What you are asked to do
Search the listing below for the line with "Plant protein discovery", then write out that line and every one after it exactly, without the pictures.

Collected material
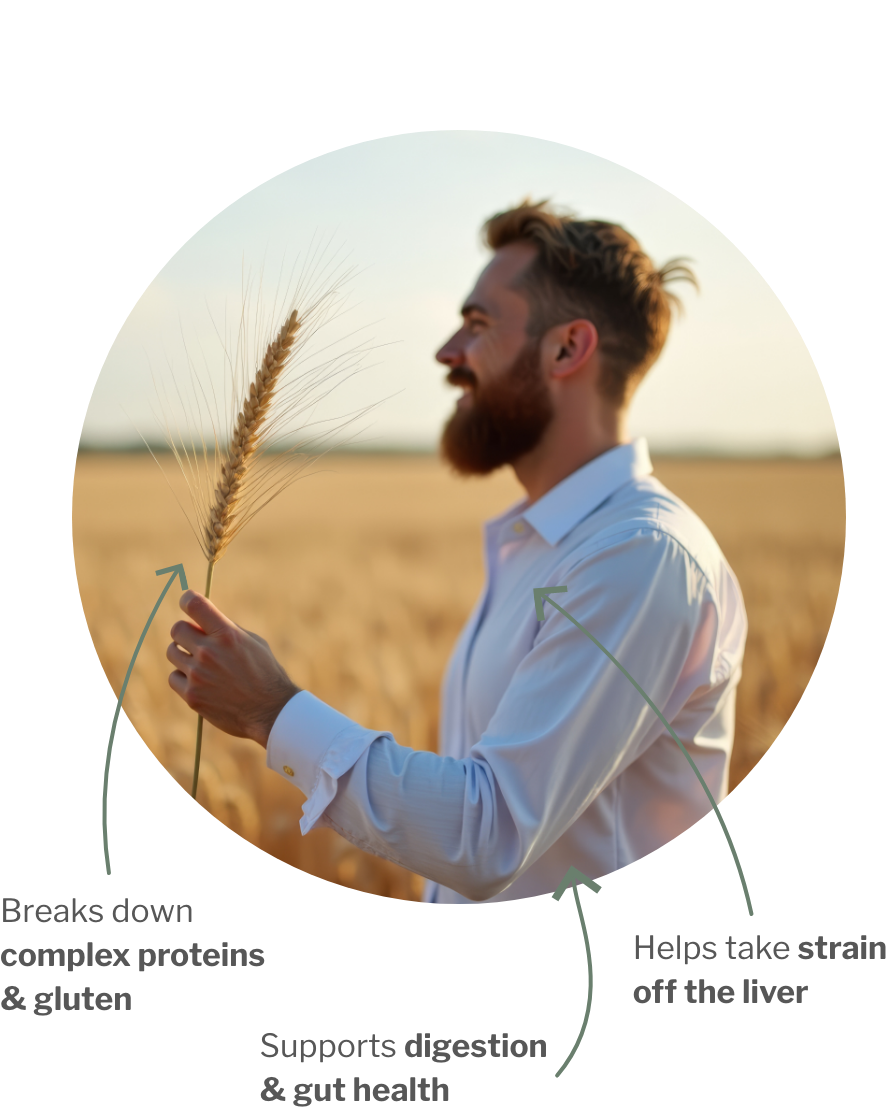 Usage of Enzyme & Gut Bundle – For digestion, gut flora & liver relief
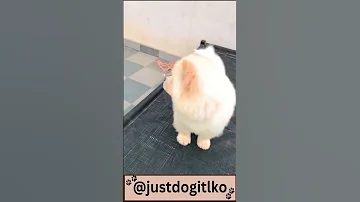 Chaw Chaw Puppy Shorts Youtubeshorts Viral Justdogitlko 
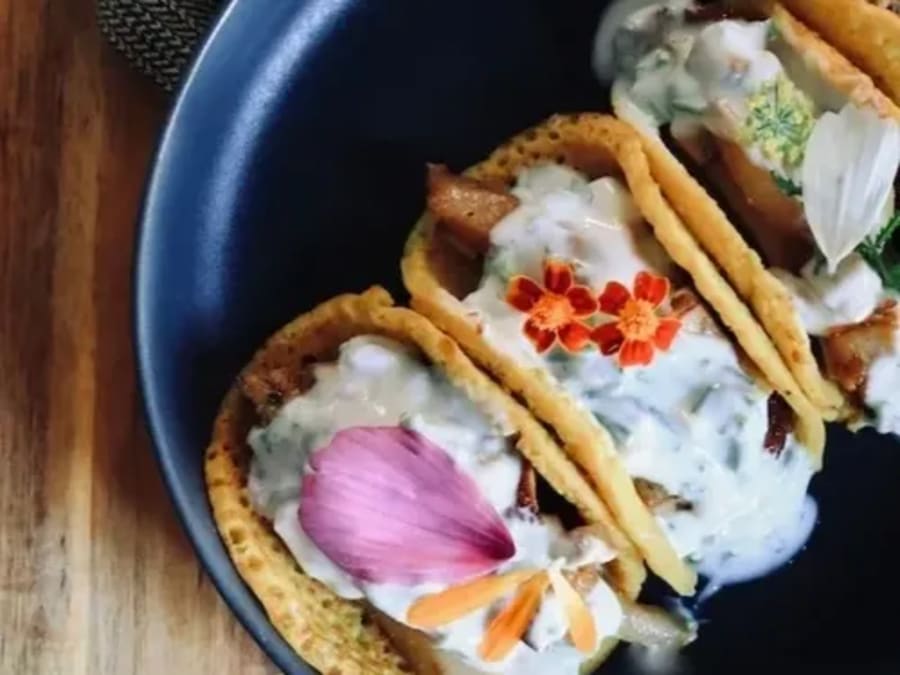 Plant protein discovery workshop in Toulouse (31)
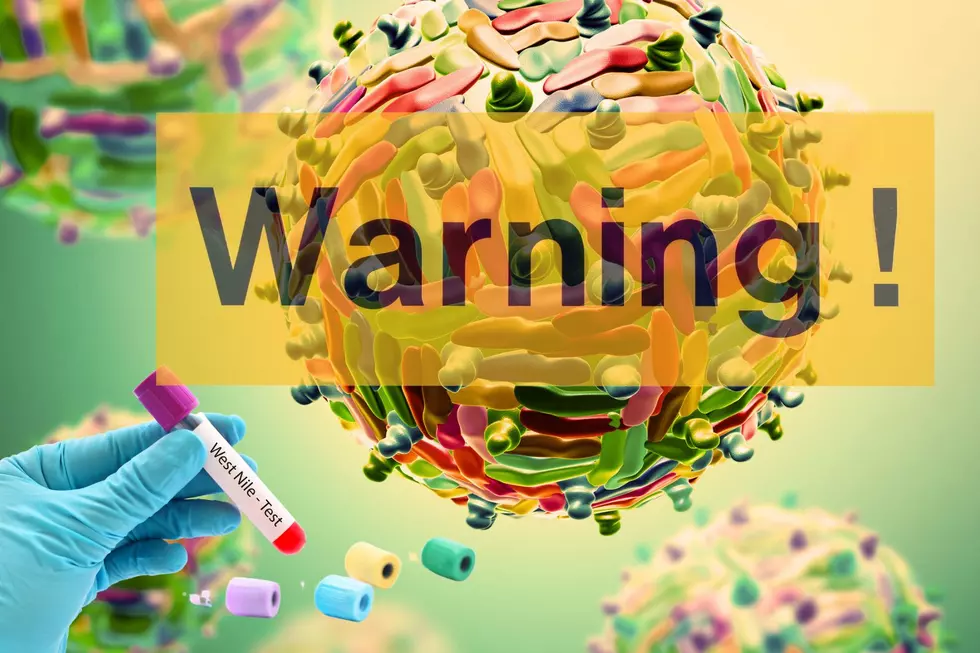 BEWARE: DEADLY West Nile Virus Has Invaded Texas 4 Cases Were Discovered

Exercise response
 Plant protein discovery workshop in Toulouse (31)
 BEWARE: DEADLY West Nile Virus Has Invaded Texas 4 Cases Were Discovered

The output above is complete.